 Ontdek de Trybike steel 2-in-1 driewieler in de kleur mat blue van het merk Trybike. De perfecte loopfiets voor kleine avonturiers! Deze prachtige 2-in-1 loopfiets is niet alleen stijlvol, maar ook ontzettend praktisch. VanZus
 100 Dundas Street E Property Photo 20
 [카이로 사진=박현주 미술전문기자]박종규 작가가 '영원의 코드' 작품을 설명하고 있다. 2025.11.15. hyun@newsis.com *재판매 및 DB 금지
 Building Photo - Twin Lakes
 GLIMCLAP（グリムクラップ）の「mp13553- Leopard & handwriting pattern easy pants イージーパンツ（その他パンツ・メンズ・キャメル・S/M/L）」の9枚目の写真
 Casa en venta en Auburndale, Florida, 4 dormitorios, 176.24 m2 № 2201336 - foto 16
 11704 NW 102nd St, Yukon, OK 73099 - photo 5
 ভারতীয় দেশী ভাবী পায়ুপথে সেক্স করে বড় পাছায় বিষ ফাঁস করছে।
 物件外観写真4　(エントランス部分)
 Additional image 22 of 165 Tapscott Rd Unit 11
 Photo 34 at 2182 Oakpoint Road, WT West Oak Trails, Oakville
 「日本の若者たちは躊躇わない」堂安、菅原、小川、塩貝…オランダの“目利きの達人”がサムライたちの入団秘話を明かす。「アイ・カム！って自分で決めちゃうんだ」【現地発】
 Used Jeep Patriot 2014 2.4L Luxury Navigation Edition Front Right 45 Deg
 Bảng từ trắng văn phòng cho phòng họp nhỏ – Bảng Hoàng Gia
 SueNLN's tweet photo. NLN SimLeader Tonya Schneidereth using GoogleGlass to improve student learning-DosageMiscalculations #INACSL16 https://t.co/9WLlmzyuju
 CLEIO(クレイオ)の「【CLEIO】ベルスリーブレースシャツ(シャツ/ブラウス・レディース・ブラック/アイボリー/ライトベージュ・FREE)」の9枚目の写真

******************************

### WORK INSTRUCTION
Restate the material word for word, but only from its first line through the line containing "100 Dundas Street E Property Photo 20".

### RESULT OF THIS TASK
 Ontdek de Trybike steel 2-in-1 driewieler in de kleur mat blue van het merk Trybike. De perfecte loopfiets voor kleine avonturiers! Deze prachtige 2-in-1 loopfiets is niet alleen stijlvol, maar ook ontzettend praktisch. VanZus
 100 Dundas Street E Property Photo 20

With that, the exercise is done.